Van binnen heel erg op mijn gemak loop ik naar de finish. Ik ga een 50 km-tocht uitlopen! De laatste 200 meter komt toch het tijdgevoel weer boven: ik trek een sprint om in 4:17:00 binnen te komen. Een oprisping die ik achteraf niet begrijp. Inge staat me op te wachten, maar vertrekt terecht snel naar de warmte van de manege.

Na afloop
Na mijn flesjes voeding uit de struiken te hebben gevist en de organisatie bedankt wandel ik terug naar de manege. Oef, dat doet toch wel zeer. Er komen steeds lopers langs die nog 1 ronde ‘moeten’; of is het ‘mogen’?

In de kantine heerst een gezellige, rustige sfeer; geen winnaar die gehuldigd wordt. Vrijwel elke binnenkomer begint met het omschrijven van zijn gevoel en zegt daarna pas zijn tijd (of niet). Borden patat mèt en glazen bier worden genuttigd; cola en koffie staan ook op menig menu. Na een uurtje doorwarmen en bijkomen vertrekken we. Onderweg kletsen we als vanouds bij over voorvallen en eigen belevenissen onderweg.

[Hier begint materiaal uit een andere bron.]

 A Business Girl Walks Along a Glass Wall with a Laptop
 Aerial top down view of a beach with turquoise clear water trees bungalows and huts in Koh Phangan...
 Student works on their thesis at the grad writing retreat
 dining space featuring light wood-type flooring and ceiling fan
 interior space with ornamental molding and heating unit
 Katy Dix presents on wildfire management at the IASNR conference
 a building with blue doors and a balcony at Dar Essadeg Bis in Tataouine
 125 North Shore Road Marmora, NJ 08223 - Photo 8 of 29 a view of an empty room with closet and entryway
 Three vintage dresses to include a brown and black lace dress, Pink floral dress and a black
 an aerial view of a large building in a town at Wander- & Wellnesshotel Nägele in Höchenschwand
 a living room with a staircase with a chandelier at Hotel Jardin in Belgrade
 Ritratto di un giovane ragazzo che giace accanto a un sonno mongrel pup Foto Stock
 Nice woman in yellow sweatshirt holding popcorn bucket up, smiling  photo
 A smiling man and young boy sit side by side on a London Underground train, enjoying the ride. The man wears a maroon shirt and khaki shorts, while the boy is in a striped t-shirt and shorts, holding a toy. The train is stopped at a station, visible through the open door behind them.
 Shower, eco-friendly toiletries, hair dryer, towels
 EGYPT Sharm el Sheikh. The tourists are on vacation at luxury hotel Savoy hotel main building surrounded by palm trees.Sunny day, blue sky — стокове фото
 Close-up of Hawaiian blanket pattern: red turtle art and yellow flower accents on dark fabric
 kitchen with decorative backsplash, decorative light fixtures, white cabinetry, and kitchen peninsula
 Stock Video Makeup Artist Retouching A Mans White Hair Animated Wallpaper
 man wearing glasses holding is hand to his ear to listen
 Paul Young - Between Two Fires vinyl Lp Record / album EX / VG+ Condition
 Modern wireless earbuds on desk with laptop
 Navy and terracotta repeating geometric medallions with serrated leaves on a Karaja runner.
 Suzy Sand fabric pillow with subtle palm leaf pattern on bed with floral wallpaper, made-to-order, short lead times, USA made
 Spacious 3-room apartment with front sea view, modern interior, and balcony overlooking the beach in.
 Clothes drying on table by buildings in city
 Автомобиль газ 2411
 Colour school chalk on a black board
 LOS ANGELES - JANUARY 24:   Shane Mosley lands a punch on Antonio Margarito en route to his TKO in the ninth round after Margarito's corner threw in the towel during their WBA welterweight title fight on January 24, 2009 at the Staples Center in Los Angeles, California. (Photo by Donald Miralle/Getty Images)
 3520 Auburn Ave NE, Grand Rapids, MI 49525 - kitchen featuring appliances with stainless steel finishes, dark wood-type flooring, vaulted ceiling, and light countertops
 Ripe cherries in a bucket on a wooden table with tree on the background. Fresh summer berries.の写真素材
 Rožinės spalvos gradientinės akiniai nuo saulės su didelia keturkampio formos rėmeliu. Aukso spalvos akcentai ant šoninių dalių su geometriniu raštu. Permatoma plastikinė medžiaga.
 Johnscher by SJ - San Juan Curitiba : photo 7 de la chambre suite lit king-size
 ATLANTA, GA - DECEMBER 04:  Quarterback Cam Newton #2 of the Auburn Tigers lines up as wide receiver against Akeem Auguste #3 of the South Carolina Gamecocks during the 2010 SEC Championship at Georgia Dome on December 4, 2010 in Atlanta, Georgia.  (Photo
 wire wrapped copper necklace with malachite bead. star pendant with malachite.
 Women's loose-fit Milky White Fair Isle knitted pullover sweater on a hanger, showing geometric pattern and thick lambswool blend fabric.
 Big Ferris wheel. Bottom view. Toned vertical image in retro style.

‘s Avonds zoeken alle gedachten een plaatsje. Als ik zonder voorbereiding op basisconditie 50 kilometer kan lopen, hoever is ‘ver’ dan voor mij? Waar ligt mijn grens, ‘het verst’, eigenlijk? Bij deze FAT ASS 50? Bij de 60 kilometer van Texel? De 6 uurs wedstrijd van Stein? De 100 kilometer van Winschoten?
Dat laatste acht ik onmogelijk. Maar ja, dat zou ik een paar jaar geleden toch ook over een 50 km loop hebben gezegd? De tijd zal het leren. Maar ik kan het iedereen aanraden wat meer in afstand en wat minder in tijd te denken.